Stored items from a collection:
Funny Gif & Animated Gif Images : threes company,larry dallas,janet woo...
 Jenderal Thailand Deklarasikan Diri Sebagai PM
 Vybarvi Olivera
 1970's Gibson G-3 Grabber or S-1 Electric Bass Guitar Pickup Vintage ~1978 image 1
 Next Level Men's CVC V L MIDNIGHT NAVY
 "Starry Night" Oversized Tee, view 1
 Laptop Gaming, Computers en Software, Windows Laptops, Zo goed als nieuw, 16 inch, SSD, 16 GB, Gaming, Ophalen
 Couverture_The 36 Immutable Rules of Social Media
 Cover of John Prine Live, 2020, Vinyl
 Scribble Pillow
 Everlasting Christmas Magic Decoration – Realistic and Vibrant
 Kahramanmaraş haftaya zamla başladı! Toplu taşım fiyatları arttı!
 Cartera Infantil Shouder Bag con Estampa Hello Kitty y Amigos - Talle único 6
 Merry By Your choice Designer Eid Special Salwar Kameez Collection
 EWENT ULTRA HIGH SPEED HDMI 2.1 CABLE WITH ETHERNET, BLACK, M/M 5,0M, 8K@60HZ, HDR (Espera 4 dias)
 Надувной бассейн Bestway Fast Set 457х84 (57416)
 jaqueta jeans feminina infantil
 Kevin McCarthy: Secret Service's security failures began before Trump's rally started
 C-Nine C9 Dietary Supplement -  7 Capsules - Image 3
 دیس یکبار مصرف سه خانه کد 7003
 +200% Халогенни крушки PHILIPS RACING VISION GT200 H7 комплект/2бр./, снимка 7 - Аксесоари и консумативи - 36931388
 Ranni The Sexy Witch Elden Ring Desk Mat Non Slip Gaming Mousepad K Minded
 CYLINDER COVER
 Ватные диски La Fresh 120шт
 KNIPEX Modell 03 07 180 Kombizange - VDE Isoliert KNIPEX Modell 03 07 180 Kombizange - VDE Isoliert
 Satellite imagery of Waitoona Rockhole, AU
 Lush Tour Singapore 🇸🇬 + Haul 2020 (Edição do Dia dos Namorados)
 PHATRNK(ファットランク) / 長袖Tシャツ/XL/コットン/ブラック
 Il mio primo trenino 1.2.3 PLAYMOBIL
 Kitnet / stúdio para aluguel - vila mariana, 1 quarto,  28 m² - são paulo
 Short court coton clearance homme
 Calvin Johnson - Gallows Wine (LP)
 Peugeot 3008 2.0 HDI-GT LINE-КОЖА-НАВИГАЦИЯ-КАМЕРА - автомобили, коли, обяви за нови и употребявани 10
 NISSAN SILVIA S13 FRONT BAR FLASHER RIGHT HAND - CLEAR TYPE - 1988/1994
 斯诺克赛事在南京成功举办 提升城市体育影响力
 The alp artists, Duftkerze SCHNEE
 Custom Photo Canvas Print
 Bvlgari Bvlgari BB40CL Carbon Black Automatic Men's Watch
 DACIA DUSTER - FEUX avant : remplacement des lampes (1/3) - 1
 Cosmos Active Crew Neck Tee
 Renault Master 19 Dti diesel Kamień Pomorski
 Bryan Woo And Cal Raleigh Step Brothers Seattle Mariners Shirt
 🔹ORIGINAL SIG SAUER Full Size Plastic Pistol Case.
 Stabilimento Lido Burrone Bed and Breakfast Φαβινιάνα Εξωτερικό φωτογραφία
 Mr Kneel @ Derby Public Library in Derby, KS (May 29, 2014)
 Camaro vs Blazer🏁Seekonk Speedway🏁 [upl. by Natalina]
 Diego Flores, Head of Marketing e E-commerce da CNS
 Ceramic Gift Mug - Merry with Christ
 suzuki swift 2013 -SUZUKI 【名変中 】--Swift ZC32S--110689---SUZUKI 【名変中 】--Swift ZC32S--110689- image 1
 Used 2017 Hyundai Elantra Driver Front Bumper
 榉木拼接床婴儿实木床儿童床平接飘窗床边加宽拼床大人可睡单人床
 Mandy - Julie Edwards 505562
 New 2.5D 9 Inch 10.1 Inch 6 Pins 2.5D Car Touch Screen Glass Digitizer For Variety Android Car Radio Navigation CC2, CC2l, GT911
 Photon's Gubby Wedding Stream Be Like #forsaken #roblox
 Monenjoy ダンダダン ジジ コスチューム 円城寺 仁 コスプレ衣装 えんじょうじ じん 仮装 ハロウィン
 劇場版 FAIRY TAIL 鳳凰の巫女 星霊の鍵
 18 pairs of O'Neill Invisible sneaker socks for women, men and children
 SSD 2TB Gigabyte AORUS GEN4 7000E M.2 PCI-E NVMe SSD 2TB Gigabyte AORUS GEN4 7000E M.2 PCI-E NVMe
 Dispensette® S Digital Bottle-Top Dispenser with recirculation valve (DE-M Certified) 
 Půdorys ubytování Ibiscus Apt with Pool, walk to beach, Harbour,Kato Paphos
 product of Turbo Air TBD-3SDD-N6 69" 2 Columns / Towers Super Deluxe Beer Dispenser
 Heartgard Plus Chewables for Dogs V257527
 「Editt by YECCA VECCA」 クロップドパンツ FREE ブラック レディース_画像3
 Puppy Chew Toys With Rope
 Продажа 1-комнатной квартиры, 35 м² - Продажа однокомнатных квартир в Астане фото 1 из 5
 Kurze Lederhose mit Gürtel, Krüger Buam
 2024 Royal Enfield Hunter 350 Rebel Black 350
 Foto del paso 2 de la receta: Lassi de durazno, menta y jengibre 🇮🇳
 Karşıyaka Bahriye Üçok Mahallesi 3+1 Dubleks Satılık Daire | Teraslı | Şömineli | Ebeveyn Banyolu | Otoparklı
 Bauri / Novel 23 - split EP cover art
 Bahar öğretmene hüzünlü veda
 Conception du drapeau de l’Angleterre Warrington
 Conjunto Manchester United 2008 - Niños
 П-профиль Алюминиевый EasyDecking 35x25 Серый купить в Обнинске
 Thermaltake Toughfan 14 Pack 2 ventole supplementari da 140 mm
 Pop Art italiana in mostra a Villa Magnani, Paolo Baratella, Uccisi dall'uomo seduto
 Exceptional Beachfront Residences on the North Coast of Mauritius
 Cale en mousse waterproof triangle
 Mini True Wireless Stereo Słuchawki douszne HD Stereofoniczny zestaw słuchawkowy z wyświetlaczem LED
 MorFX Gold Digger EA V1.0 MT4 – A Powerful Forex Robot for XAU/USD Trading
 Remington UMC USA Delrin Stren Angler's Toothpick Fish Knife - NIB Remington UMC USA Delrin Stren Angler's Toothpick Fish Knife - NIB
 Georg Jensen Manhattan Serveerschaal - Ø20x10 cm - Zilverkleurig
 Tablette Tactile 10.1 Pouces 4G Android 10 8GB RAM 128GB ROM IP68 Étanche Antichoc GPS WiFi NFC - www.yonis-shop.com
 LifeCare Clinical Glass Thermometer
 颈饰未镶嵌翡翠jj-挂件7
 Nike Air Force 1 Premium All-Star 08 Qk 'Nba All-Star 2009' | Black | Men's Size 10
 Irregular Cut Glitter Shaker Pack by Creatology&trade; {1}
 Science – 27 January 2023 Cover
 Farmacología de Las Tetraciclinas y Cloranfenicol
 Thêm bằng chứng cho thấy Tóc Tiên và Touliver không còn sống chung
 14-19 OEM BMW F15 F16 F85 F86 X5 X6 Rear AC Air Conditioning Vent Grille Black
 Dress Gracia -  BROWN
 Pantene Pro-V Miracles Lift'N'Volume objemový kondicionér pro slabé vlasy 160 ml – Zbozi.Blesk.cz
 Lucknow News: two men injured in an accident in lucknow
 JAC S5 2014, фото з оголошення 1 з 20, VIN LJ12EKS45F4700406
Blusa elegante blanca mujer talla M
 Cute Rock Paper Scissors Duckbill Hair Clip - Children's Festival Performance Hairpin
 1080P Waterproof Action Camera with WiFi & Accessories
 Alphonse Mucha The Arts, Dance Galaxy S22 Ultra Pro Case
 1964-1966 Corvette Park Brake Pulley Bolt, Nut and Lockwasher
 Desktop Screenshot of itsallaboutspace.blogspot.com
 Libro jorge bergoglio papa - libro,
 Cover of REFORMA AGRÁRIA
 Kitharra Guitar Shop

What you will do:
Reproduce each line of the records in which "Case" appears.

Task answer:
 🔹ORIGINAL SIG SAUER Full Size Plastic Pistol Case.
 Alphonse Mucha The Arts, Dance Galaxy S22 Ultra Pro Case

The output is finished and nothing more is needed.